### [DATA SUPPLIED]
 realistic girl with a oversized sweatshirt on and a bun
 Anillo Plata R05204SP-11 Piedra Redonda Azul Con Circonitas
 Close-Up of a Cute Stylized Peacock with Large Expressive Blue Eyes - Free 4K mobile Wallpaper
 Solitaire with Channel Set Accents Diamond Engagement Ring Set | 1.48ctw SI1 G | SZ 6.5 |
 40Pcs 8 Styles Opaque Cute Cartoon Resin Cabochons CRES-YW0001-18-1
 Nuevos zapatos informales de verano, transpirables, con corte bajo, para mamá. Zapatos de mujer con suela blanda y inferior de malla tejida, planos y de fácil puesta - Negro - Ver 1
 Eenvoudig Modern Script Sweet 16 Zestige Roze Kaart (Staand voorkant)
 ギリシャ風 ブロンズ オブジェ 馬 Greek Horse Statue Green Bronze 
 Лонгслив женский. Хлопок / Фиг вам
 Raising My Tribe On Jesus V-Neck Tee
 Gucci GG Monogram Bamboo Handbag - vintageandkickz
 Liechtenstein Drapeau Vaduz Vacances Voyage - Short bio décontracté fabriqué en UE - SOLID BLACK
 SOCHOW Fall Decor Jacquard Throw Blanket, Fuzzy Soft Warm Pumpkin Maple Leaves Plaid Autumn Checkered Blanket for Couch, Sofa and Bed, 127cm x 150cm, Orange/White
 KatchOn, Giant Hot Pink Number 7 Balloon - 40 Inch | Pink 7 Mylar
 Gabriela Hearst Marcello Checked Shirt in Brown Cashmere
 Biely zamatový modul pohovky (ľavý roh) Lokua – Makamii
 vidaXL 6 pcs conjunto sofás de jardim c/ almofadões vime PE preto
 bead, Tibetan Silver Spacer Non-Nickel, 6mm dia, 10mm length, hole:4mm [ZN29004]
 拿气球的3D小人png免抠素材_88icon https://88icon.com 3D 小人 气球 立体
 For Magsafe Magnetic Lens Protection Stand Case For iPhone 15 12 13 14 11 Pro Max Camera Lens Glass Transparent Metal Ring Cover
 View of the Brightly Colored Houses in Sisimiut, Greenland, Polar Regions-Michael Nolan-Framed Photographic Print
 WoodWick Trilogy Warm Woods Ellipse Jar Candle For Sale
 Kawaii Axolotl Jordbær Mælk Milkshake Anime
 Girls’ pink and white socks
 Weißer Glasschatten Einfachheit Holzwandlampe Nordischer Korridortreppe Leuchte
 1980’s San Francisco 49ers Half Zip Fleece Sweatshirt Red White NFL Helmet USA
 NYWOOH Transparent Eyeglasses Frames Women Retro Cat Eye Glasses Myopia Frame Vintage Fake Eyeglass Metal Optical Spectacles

### [BRIEF]
Write out the data again in full. Match it exactly.

### [OUTPUT BELOW]
 realistic girl with a oversized sweatshirt on and a bun
 Anillo Plata R05204SP-11 Piedra Redonda Azul Con Circonitas
 Close-Up of a Cute Stylized Peacock with Large Expressive Blue Eyes - Free 4K mobile Wallpaper
 Solitaire with Channel Set Accents Diamond Engagement Ring Set | 1.48ctw SI1 G | SZ 6.5 |
 40Pcs 8 Styles Opaque Cute Cartoon Resin Cabochons CRES-YW0001-18-1
 Nuevos zapatos informales de verano, transpirables, con corte bajo, para mamá. Zapatos de mujer con suela blanda y inferior de malla tejida, planos y de fácil puesta - Negro - Ver 1
 Eenvoudig Modern Script Sweet 16 Zestige Roze Kaart (Staand voorkant)
 ギリシャ風 ブロンズ オブジェ 馬 Greek Horse Statue Green Bronze 
 Лонгслив женский. Хлопок / Фиг вам
 Raising My Tribe On Jesus V-Neck Tee
 Gucci GG Monogram Bamboo Handbag - vintageandkickz
 Liechtenstein Drapeau Vaduz Vacances Voyage - Short bio décontracté fabriqué en UE - SOLID BLACK
 SOCHOW Fall Decor Jacquard Throw Blanket, Fuzzy Soft Warm Pumpkin Maple Leaves Plaid Autumn Checkered Blanket for Couch, Sofa and Bed, 127cm x 150cm, Orange/White
 KatchOn, Giant Hot Pink Number 7 Balloon - 40 Inch | Pink 7 Mylar
 Gabriela Hearst Marcello Checked Shirt in Brown Cashmere
 Biely zamatový modul pohovky (ľavý roh) Lokua – Makamii
 vidaXL 6 pcs conjunto sofás de jardim c/ almofadões vime PE preto
 bead, Tibetan Silver Spacer Non-Nickel, 6mm dia, 10mm length, hole:4mm [ZN29004]
 拿气球的3D小人png免抠素材_88icon https://88icon.com 3D 小人 气球 立体
 For Magsafe Magnetic Lens Protection Stand Case For iPhone 15 12 13 14 11 Pro Max Camera Lens Glass Transparent Metal Ring Cover
 View of the Brightly Colored Houses in Sisimiut, Greenland, Polar Regions-Michael Nolan-Framed Photographic Print
 WoodWick Trilogy Warm Woods Ellipse Jar Candle For Sale
 Kawaii Axolotl Jordbær Mælk Milkshake Anime
 Girls’ pink and white socks
 Weißer Glasschatten Einfachheit Holzwandlampe Nordischer Korridortreppe Leuchte
 1980’s San Francisco 49ers Half Zip Fleece Sweatshirt Red White NFL Helmet USA
 NYWOOH Transparent Eyeglasses Frames Women Retro Cat Eye Glasses Myopia Frame Vintage Fake Eyeglass Metal Optical Spectacles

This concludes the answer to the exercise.